Enhancing Developer Experience with Mercari's Unified Platform Interface (SFD)

platform engineering

Discover Mercari's Single Front Door (SFD), a unified platform interface designed to streamline developer workflows, scale GitOps, and enhance security through modular architecture, IAM, and RBAC.

At Mercari, the Enablement Tools and Interfaces team, responsible for enhancing developer experience and CI/CD, is developing the Single Front Door (SFD) service. SFD provides a unified interface to our platform, enabling GitOps at scale across thousands of components. This is achieved by integrating a widely used internal command-line tool with various external services, including Google Cloud, to streamline the developer experience, enforce governance, maintain consistency, and manage large-scale GitOps efficiently.

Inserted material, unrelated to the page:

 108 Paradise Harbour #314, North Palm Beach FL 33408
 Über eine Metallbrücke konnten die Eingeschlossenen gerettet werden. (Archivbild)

Recently, a cloud-hosted Model Context Protocol (MCP) server was introduced as an additional interface. This allows developers to access all workflows and platform capabilities directly through AI-powered tools, including their Integrated Development Environments (IDEs).

Concept

Mercari Group's platform has evolved over the years to support hundreds of production services and more than 1600 active repositories. Numerous tools, such as infrastructure-as-code repositories, an abstraction framework for infrastructure configurations and application manifests, and in-house CI/CD systems, were provided to aid development. However, these components lacked a centralized interface, compelling developers to understand and interact with each tool separately. This often required making changes across at least five repositories and completing about a dozen steps to deploy new services to production. Common platform interactions included:

  • Committing Infrastructure as Code for resource management
  • Committing Kubernetes Manifests for service configurations
  • Committing Protobuf definitions for intra-service communication
  • Setting up debug environments using external tools/services
  • Committing edits to delete or manage cloud resources

These disparate processes were identified as significant impediments to development productivity. To address this, SFD was developed as a new unified interface for Mercari Group's platform, eliminating the need for users to directly interact with multiple tools for common platform operations.

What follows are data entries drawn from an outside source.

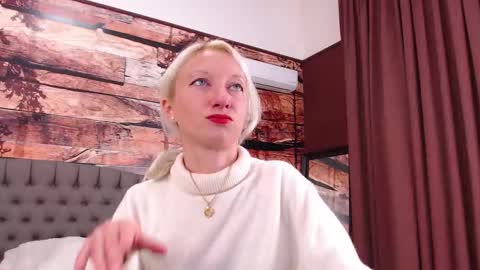 Natalie online show from October 4, 10:46 am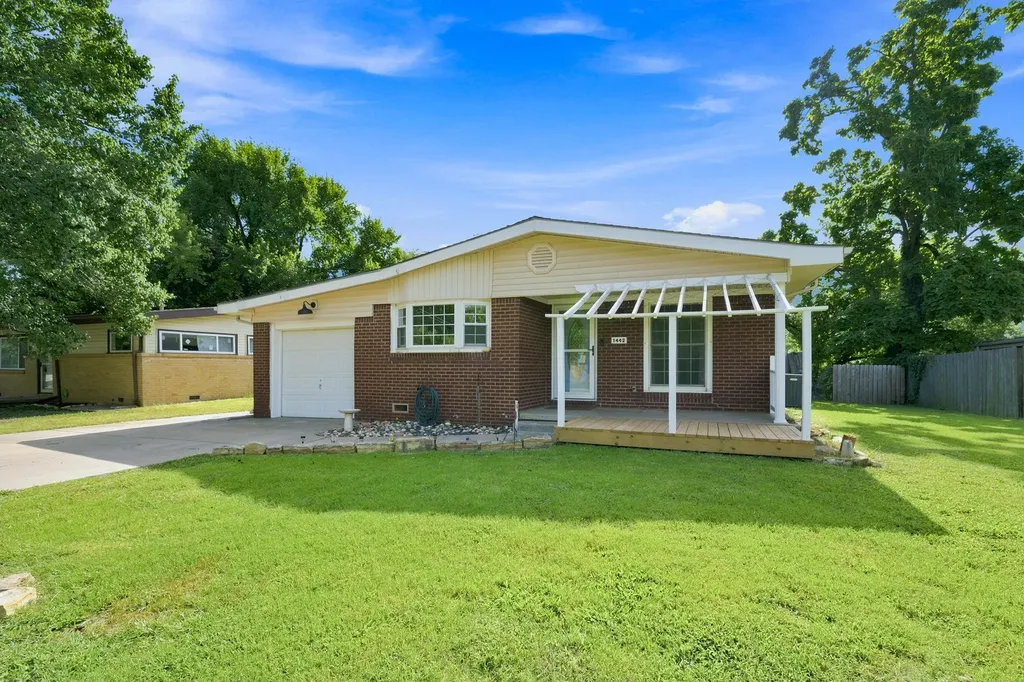 1442 N Prairie Lane Derby KS 67037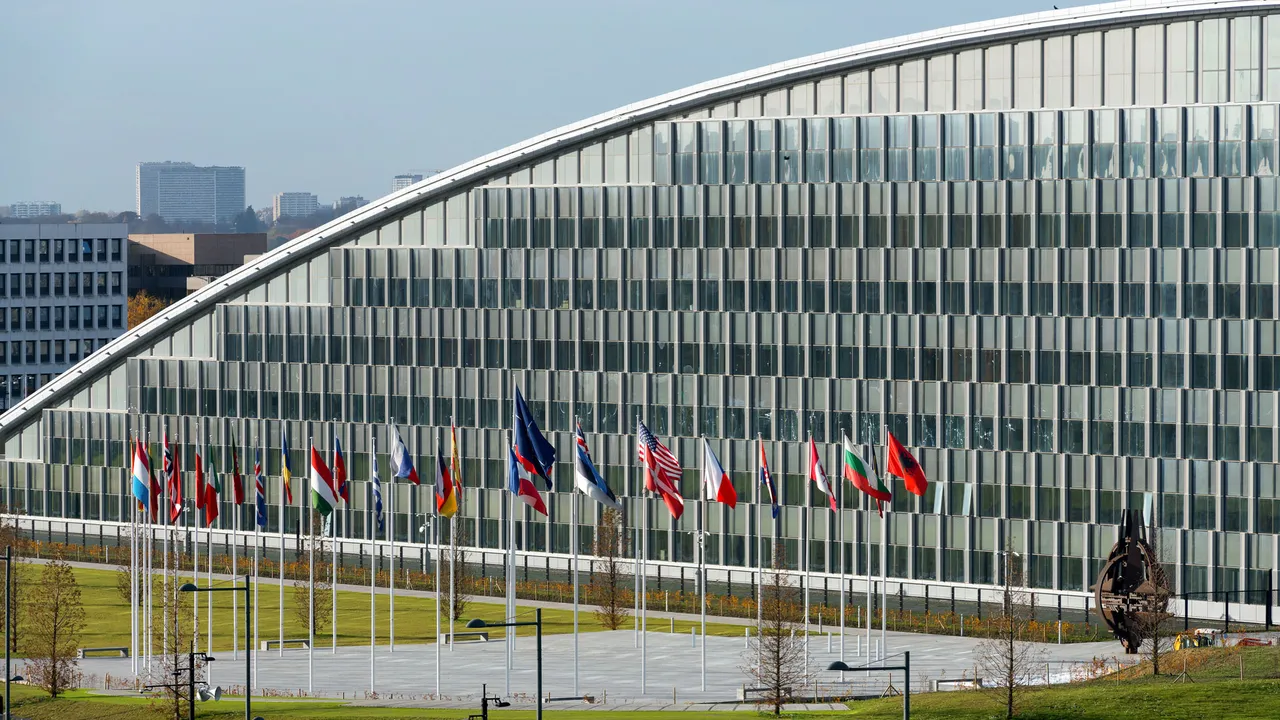 Разследват бивши служители на НАТО по подозрение в корупция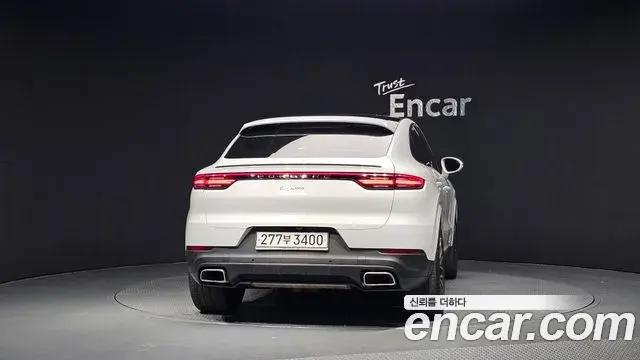 Porsche Cayenne 2020 — Фото 3/20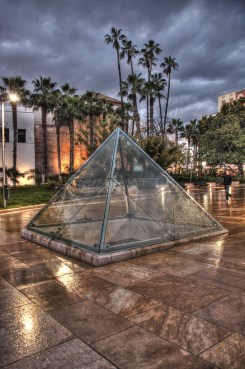 Ilustración de Tres monumentos emblemáticos de Málaga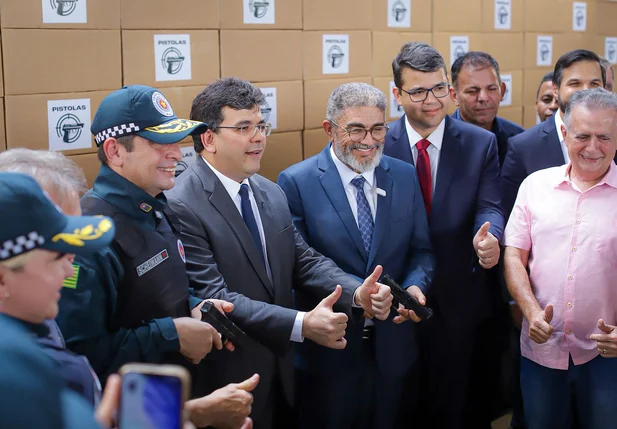 Governador Rafael Fonteles entrega armas e novo fardamento da PM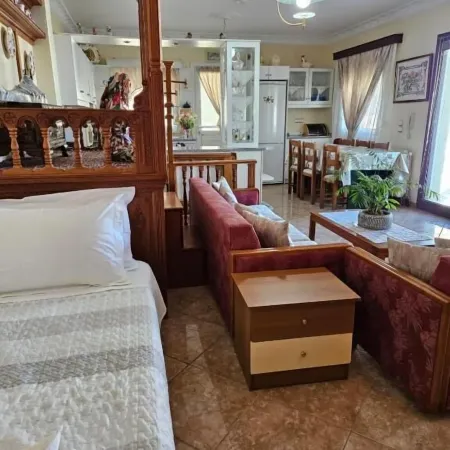 Tinas House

Given Mercari's strong reliance on GitOps, most platform operations are executed through predefined workflows that modify files using templates. These workflows leverage developer credentials to create changesets in repositories on their behalf. Users can trigger these workflows via SFD—either through the internal CLI tool or by interacting with an AI agent in their IDEs via an MCP server. The workflows then perform subsequent steps, such as making necessary changes in configuration repositories on behalf of the users.

System Design

A workflow triggered via SFD follows this lifecycle:

  1. Users authenticate to SFD through an OAuth flow and communicate their intent via CLI prompts or natural language input through AI chat in their IDEs.
  2. The user interface (CLI or IDE agent) sends a corresponding workflow request to the backend, including the OAuth token.
  3. The backend securely stores workflow metadata and then triggers a workflow using Argo Workflows.
  4. Argo Workflows initiates execution containers for each step of the workflow.
  5. These steps execute sequentially, adhering to a Directed Acyclic Graph (DAG) defined in the workflow definition.
  6. Kubernetes containers for each workflow step execute the business logic, creating changesets on GitHub or other relevant components.

Challenges

Safeguarding GitOps at Scale

A critical aspect of successful GitOps is managing the scope of access for committers. As GitOps considers the Git repository the definitive configuration and operational ledger, determining who (or what) is authorized to commit is as crucial as the content being committed.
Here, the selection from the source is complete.